When:
Friday, March 6, 2026
3:30 PM - 5:00 PM CT
Where: Chambers Hall, Ruan Conference Room, 600 Foster St, Evanston, IL 60208 map it
Audience: Faculty/Staff - Student - Public - Post Docs/Docs - Graduate Students
Contact:
Annie Lee
annielee@northwestern.edu
Group: Linguistics Department
Category: Academic
Interrogating and transcending proxies in language research: Emergent profiles and confounded variables
What's a "native speaker/signer"? Socially-informed scholarship has shown that language users (and linguist-language-users) have ideologically-mediated intuitions about who counts and who doesn't, with notions of social power and authenticity being particularly relevant factors (Ortega 2020, D'Onofrio 2019, Ramjattan 2019, Faez 2011, Leonard & Haynes 2010, Bucholtz 2003). At the same time, much experimental work operates on the assumption that self-identifying as "monolingual", "heritage", or "native" is a reliable proxy for particular profiles of language experience. While this could be the case in some communities, the logical independence of such terms and the factors they are meant to stand in for requires that researchers ask what these labels actually mean in a given context (Grammon & Babel 2024, Birkeland et al. 2024, Cheng et al. 2021, Namboodiripad, Kutlu, et al. 2026). I present collaborative work which investigates whether and how variation in language experience aligns with commonly-used proxy variables in experimental research.
First, we asked about the structure of variation in the Hindi-Urdu (Cheng et al. 2022) and Malayalam diaspora (Abtahian et al. in prep). We used agglomorative clustering analysis, a dimensionality reduction tool, to create emergent profiles of language experience, and compared these profiles to proxies such as generation of immigration, self-IDing as a "native speaker", and diaspora vs in situ. In both diaspora groups, the emergent profiles out-performed the proxy variables when it came to explaining variation in acceptability judgments (Hindi-Urdu) and choice of food terms (Malayalam).
Next, we studied an overrepresented group which is assumed to be homogenous: adult US-based Prolific participants who list English as their primary language. Participants (N=196) answered a detailed questionnaire about language use and exposure across their lifespan, current day linguistic practices, and alignment with various social and demographic labels (Cheng & Namboodiripad in prep.). When we asked about language experience in an open-ended way that centered linguistic variation, we found considerable self-reported linguistic diversity. Further, we found that early variation in language experience does not correspond to variation in current day use of English. Finally, we found that participants who self-identified as "monolingual native English speakers", an often prized "control" group in psycholinguistic research, did not significantly differ from others when it came to their patterns of language experience or use. Instead, they were more likely to identify as White.
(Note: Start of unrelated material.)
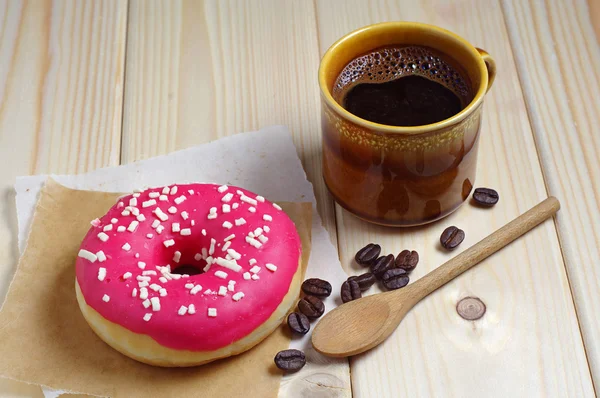 Koffiekopje en de donut — Stockfoto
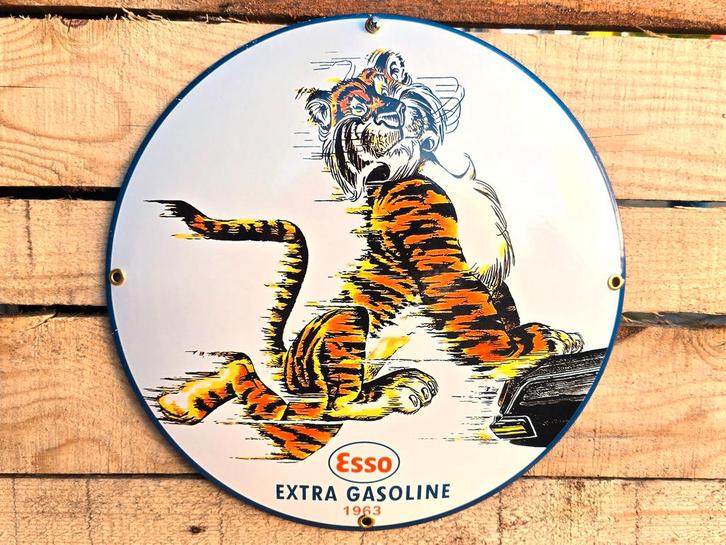 Esso Extra Gasoline" – Fuel Your Drive with the Iconic Tiger, Verzamelen, Merken en Reclamevoorwerpen, Verzenden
Across studies, we found structured heterogeneity amongst participants. Language experience profiles aligned with concepts like "receptive bilingual" and "switch dominance", while also supporting theoretical approaches which deemphasize the role of very early experience in determining linguistic practices. Overall, this work aims to center and make sense of the variation which characterizes everyone's language use. And actually interrogating the ubiquitous proxy variables allows us to learn, for example, that studies which limit recruitment to self-identified monolingual English speakers in the US, all else being equal, overrepresent White people.